6 Responses to “Ushuaia”

  1. Jean-François Bouchard says:

    There are bus services to Ushuaia, some from Punta Arenas (via Porvenir), but mostly from the Argentine town of Rio Gallegos on the mainland. The latter are Argentine buses, with Argentine passengers, traveling between Argentine towns, but it involves crossing the Chile-Argentina border twice, a very time-consuming masquerade. The very concept of “transit” does not seem to weigh against national prides ! It takes about 14 hours to travel the distance, including 5-7 hours of waits and border checks, a ferry crossing of the Straits of Magellan, and the use of an especially bad stretch of road in the Chilean territory.
    Thanks for your excellent site
    JFB, Québec QC Canada

  2. Katy says:

    How about a few words on St. John’s in Newfoundland, Canada? Seems to be a nice little town (or city?).

  3. Matthew says:

    Great post. Ushuaia is the southern terminus of the Pan American Highway, which runs from there to Prudhoe Bay, AK, almost without a break (The Darién Gap separates Panama from Columbia and requires some form of transportation other than motor vehicle). Aside from that gap, this is apparently one of the longest roads on the planet. I think I’d like to drive it someday.

  4. Guy says:

    I visited Ushuaia for a few days back in 1993. I took the bus/ferry route from Punta Arenas, not through Porvenir but through Cerro Sombrero and the eponymously named Chilean/Argentine border towns of San Sebastián. It took me a while – I don’t remember when I left Punta Arenas, but I do remember arriving in Ushuaia late in the evening. There wasn’t much to do there at that time, apart from visiting the aptly named Museo del Fin del Mundo (Museum of the End of the World). Hikers could explore the surrounding mountains. If you are ever in the area (and if you like hiking) I would recommend visiting the stunning Torres del Paine National Park north of Puerto Natales in Chile, though.

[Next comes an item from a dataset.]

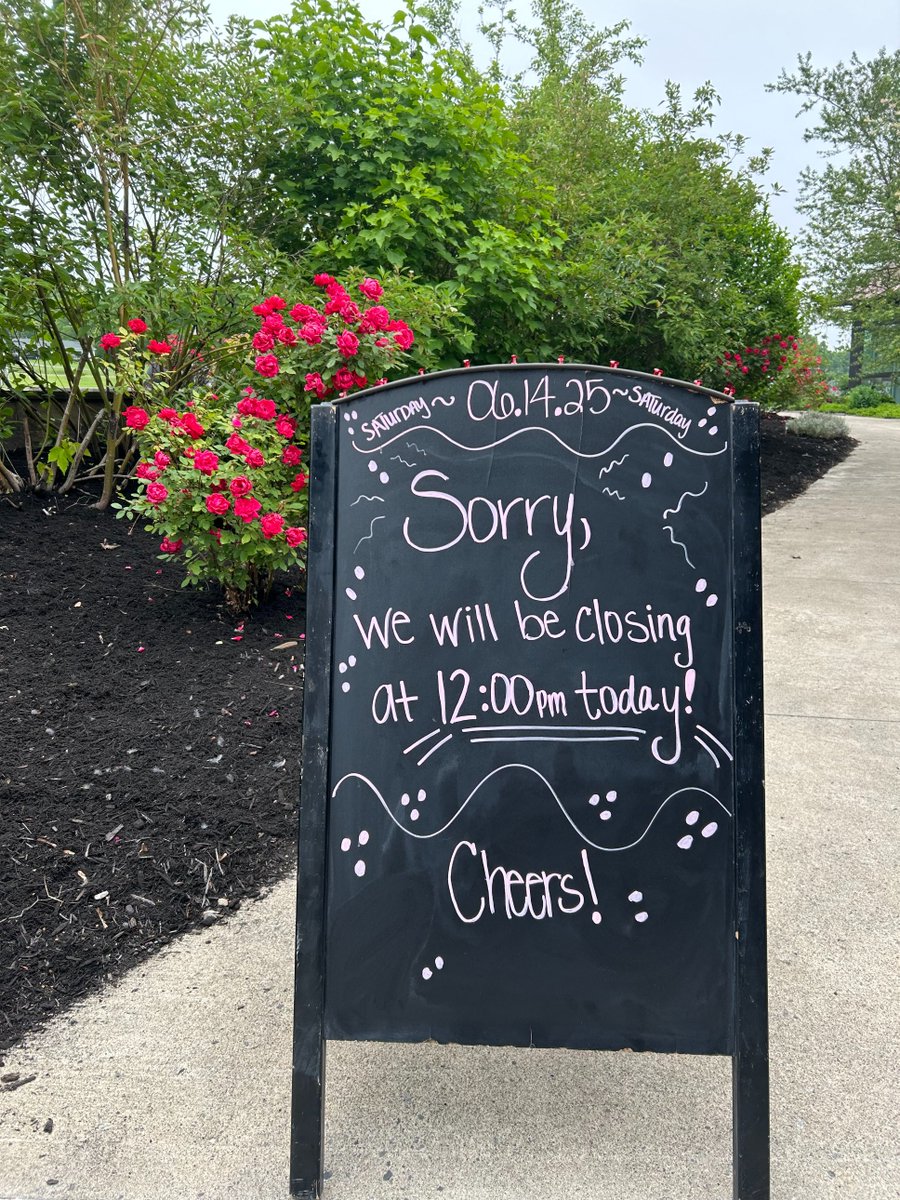 It’s #NationalRoséDay 🌹
Celebrate with our Pinot Noir Dry Rosé and the debut of our Cabernet Franc Dry Rosé — already a hit at our wine tasting events!
We’re open 10–12 today—just enough time to grab your rosé!

#DrinkPink #LakewoodVineyards #FingerLakesWine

    Yes, I do know of some peculiar places I’d like to see covered on Twelve Mile Circle:
    – A location I’d like to visit is Surveyor General’s Corner in Australia. Do you know what’s so peculiar about it?
    – While we’re in Australia I’d also like to know if you can find out what’s special about the Northern Territory/Queensland border and the Victoria/South Australia border. And please let me know if you ever make it to the point where the western borders of New South Wales and Victoria meet! Last one: do you know where the shortest border between two Australian states/territories is located?
    – Maybe you can also find something peculiar about the cities I lived in during the last twenty years: Ghent, Belgium / Tirana, Albania / Mechelen, Belgium / Christchurch, New Zealand?

  5. Lincoln Ho says:

    Every province in Canada has a different population definition of city. Alberta has a definition of over 10000 people, but the town still needs to apply for a city status. Sherwood Park in metro Edmonton is considered the world’s largest hamlet even though it has a population of over 50,000. That’s because it’s unincorporated and its governing body is the county of Strathcona.

    In Ontario, the same 10000 mark allows a town to apply for city status. Markham is the largest ‘town’ in Canada at over 260,000 people. And Dryden has 8100 people, but still a city, because it was incorporated when it surpassed the 10000.

    In Quebec, there are no designations between cities or towns. All municipalities are villes.

    In Saskatchewan and British Columbia, cities are considered over 5000 in population.

    Statistically, Statistics Canada counts CMAs (Census Metropolitan Areas) in its definition. It means that if an area has a population over 100,000 where the area covered contains people that travel daily from one distance to another for work, then it is a metropolitan area.
    The boundaries of the CMA changes with every census depending on whether someone has to make a trip to work in Edmonton daily. It used to stretch as far was Vegreville in the East (95km) and Evansburg in the West (96km) by that definition, and that’s how Edmonton’s metro population got its so-called 1 million inhabitants, when the city population is just 730,000.

    So rabbit trail aside, by Canadian provincial definitions, Ushuaia is a city, but not by the CMA.